Roasted baby tomato and olive ricotta tarts recipe
These roasted baby tomato and olive ricotta tarts are the perfect summer lunch or picnic basket filler. Serve them up with a green salad and crunchy bread.
- 3 sheets frozen shortcrust pastry, partially thawed
- 400g tomato medley mix (see notes)
- 400g fresh ricotta (see notes)
- 1/2 cup (125ml) thickened cream
- 3/4 cup pitted green olives, quartered lengthways
- 2 tbsp fresh flat-leaf parsley leaves, finely chopped
- 1 tbsp fresh lemon thyme leaves
- 1 tsp finely grated lemon rind
- 20g baby rocket
- 2 tsp lemon juice
- 1 tsp extra virgin olive oil
Preheat oven to 200°C (180°C fan-forced). Place a baking tray on the top shelf in oven. Grease six 3cm-deep, 9cm-round (base) and 11cm (top) loose-based fluted flan tins.

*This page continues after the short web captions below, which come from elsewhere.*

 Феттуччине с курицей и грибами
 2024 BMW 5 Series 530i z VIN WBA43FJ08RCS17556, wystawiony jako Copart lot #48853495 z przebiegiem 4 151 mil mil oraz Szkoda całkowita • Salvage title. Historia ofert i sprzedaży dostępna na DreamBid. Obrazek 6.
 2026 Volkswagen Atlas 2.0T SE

Cut each sheet of pastry in half, diagonally. Line tins with a piece of pastry. Trim edges. Prick bases with a fork. Line pastry with baking paper. Fill with ceramic pie weights or uncooked rice. Place tins on hot baking tray in oven.
Place tomatoes on separate baking paper-lined baking tray. Place on bottom shelf in oven. Bake pastry cases and tomatoes for 10 minutes.

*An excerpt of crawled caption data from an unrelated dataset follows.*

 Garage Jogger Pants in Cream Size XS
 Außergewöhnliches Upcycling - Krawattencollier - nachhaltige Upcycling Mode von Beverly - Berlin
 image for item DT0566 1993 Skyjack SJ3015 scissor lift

Remove weights or rice and paper. Bake pastry cases and tomato for 5 to 8 minutes or until pastry is golden and cooked and tomato skins have split but not collapsed. Remove from oven. Allow to cool.
Meanwhile, combine ricotta and cream in a bowl. Season with salt and pepper and add olives, parsley and thyme. Fold together until just combined.

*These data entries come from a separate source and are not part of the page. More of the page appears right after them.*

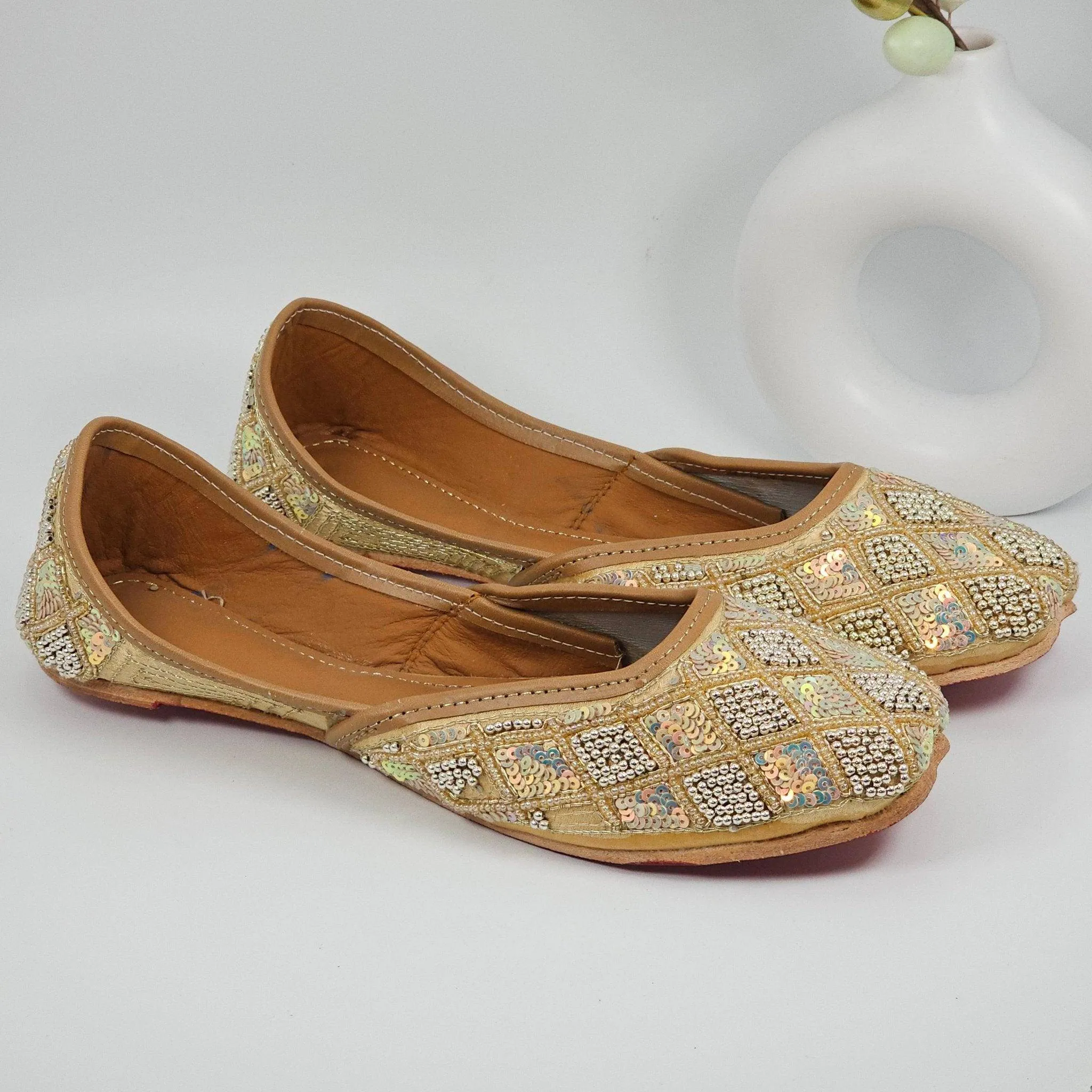 Jugmug Gold Embelised Bridal Juttis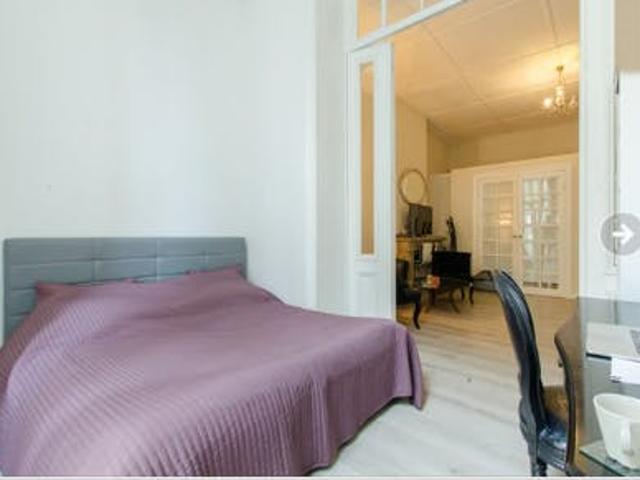 Appartement à louer à Ixelles, Rue du Trône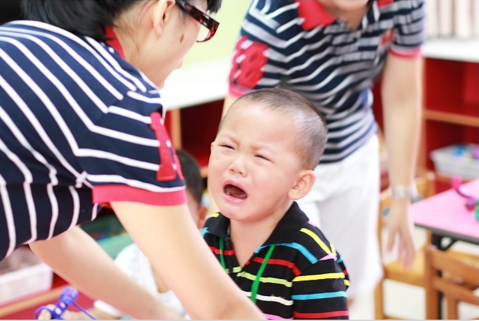 个人年终总结 | 让青春在奉献中闪光-幼师课件网第2张图片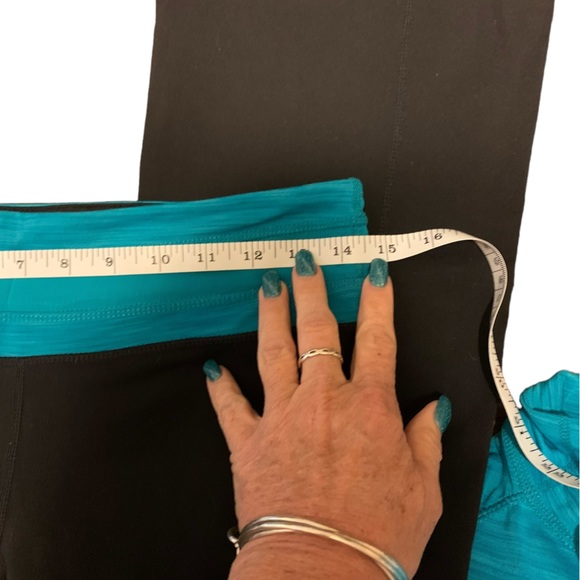 Kirkland Women's Yoga/Workout Outfit. Pants Small. Long Sleeve Zipper Jacket M - Picture 5 of 12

Carefully remove pastry cases from tins and place on serving plates. Spoon ricotta filling into pastry cases. Top with tomatoes, sprinkle with lemon rind and season with salt and pepper.
Toss rocket, lemon juice and oil in a bowl. Arrange on top of tarts. Serve immediately.
- If the pastry bubbles up in places you can just weigh it down with something heavy when it comes out of the oven.